Autonomous driving has long relied on machine learning to plan routes and detect objects, but some companies and researchers now believe that generative AI – models that collect surrounding data and generate predictions – could help take autonomy to the next level. I'm sure it will. Waabi competitor Wayve last year launched a similar model trained based on the videos its vehicles collect.
Waabi's models work in a similar way to image or video generators like OpenAI's DALL-E and Sora. It takes a point cloud of LiDAR data, visualizing a 3D map of the car's surroundings, and breaks it into chunks, similar to how an image generator breaks a photo into pixels. Based on the training data, Copilot4D predicts how every point in the LiDAR data will move. If you do this consistently, you can generate predictions 5 to 10 seconds into the future.
Waabi is one of a handful of self-driving companies, including competitors Wayve and Ghost, that describe their approach as “AI first.” For Urtasun, this means designing systems that learn from data, rather than systems that must be taught to react to specific situations. The cohort is confident that their method can speed up the time it takes to road-test autonomous vehicles, a topic raised after an October 2023 accident in San Francisco in which a Cruze robotaxi dragged away a pedestrian.

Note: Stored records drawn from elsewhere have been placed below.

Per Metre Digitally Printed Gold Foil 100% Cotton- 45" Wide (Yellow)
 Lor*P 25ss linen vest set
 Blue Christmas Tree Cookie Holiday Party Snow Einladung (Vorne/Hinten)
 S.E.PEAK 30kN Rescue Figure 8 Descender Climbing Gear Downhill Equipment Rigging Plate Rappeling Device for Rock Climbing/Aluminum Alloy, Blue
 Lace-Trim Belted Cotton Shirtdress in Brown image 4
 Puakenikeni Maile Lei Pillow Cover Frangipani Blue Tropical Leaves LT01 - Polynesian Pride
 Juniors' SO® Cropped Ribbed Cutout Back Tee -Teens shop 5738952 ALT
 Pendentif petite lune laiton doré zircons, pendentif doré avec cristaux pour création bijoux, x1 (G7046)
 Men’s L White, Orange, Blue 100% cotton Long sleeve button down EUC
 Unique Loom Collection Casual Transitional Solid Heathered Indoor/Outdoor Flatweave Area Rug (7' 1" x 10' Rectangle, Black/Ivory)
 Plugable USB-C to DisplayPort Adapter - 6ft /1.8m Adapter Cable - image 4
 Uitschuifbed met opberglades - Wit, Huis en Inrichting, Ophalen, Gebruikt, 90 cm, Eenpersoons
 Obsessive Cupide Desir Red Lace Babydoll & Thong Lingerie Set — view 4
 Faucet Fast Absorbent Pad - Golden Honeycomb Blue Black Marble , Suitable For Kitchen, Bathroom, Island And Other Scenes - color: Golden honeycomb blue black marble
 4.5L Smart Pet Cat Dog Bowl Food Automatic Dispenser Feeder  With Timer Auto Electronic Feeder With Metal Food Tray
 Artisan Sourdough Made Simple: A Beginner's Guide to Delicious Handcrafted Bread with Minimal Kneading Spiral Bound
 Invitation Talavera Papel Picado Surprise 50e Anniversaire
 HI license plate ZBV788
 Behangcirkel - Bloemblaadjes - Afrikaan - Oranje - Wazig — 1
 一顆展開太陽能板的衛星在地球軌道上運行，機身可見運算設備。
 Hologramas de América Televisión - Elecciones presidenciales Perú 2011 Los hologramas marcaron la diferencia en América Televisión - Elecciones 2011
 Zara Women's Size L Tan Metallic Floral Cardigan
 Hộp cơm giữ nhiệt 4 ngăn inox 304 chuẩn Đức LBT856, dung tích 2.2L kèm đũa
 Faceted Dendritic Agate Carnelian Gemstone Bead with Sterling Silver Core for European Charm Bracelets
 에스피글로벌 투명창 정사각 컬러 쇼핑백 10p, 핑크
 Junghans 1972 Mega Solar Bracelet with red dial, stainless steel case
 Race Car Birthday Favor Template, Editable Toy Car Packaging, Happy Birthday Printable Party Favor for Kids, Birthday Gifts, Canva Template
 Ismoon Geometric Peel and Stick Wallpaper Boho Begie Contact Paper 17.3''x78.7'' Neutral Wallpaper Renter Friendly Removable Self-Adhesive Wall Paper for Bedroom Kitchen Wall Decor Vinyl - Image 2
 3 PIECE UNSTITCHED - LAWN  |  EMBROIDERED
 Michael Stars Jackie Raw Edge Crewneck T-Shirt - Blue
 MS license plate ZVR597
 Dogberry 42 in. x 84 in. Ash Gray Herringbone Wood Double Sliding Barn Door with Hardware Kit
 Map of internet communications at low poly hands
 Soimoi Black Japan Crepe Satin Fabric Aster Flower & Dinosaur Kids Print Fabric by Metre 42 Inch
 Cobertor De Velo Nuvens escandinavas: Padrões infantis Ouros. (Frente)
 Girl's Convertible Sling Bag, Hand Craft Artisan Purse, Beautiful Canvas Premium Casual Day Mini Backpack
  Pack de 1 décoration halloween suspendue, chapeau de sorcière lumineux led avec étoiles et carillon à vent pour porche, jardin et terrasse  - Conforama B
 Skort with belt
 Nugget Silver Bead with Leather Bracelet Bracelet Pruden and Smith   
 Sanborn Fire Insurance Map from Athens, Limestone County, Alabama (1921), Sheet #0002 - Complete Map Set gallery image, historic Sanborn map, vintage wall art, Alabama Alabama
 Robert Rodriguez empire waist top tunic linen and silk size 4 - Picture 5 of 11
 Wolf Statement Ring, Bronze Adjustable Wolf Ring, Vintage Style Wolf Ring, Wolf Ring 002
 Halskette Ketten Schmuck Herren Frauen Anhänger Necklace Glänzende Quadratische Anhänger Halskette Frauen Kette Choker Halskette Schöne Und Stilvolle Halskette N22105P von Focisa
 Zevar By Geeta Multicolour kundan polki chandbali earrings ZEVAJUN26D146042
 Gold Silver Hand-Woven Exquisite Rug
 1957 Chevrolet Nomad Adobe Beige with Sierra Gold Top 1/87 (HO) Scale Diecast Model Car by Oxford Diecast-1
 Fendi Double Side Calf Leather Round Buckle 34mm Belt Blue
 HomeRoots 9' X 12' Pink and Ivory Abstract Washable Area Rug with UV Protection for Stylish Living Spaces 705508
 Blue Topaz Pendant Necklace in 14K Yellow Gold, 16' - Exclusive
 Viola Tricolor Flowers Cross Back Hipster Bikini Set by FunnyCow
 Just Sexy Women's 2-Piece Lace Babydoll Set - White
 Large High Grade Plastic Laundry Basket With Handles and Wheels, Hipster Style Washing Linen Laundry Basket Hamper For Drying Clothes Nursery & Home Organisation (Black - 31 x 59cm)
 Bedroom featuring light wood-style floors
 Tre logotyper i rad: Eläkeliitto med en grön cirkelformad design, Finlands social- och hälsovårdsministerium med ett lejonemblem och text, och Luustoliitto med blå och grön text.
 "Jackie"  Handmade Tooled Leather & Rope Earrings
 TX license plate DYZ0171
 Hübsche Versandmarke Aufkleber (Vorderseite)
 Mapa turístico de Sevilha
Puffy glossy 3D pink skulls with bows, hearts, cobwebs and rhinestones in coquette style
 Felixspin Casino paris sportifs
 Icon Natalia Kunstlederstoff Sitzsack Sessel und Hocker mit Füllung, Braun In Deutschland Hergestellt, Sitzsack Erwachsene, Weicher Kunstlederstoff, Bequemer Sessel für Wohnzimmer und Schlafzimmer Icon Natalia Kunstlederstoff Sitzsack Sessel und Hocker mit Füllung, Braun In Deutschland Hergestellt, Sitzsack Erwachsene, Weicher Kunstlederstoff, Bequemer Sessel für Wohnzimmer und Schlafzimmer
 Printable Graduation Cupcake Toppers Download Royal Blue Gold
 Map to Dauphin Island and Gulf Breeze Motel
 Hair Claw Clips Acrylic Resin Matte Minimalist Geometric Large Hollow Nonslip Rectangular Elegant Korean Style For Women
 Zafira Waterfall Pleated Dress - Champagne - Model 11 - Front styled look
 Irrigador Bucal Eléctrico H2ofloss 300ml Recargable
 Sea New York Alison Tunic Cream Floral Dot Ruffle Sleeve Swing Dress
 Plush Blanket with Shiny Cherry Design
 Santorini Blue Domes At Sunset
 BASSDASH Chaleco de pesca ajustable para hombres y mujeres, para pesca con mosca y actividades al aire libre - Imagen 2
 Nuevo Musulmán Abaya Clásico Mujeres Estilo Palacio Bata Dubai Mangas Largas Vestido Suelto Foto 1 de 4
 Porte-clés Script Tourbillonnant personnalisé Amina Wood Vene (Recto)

Waabi differs from its competitors in building generative models for LiDAR rather than cameras.
“If you want to be a level 4 player, LiDAR is a must,” Urtasun said, referring to the level of automation where cars do not require human attention to drive safely. Cameras are good at showing what the car is seeing, she says, but they're not good at measuring distances or understanding the geometry around the car.
Waabi's models can generate videos showing what the car sees through its LiDAR sensors, but those videos aren't used for training purposes in the company's driving simulator, which it uses to build and test driving models. This is to ensure that hallucinations that occur in Copilot4D are not learned in the simulator.
Bernard Adam Lange, a Stanford doctoral student who built and studied a similar model, says that while the underlying technology is not new, this is the first time he has seen a generative LiDAR model expand beyond the confines of the lab and into commercial use. . Models like these generally help the “brains” of self-driving cars make faster and more accurate inferences, he says.
“What’s transformative is the scale,” he says. “We hope that these models can be leveraged for downstream tasks, such as detecting objects and predicting where people or objects will move next.”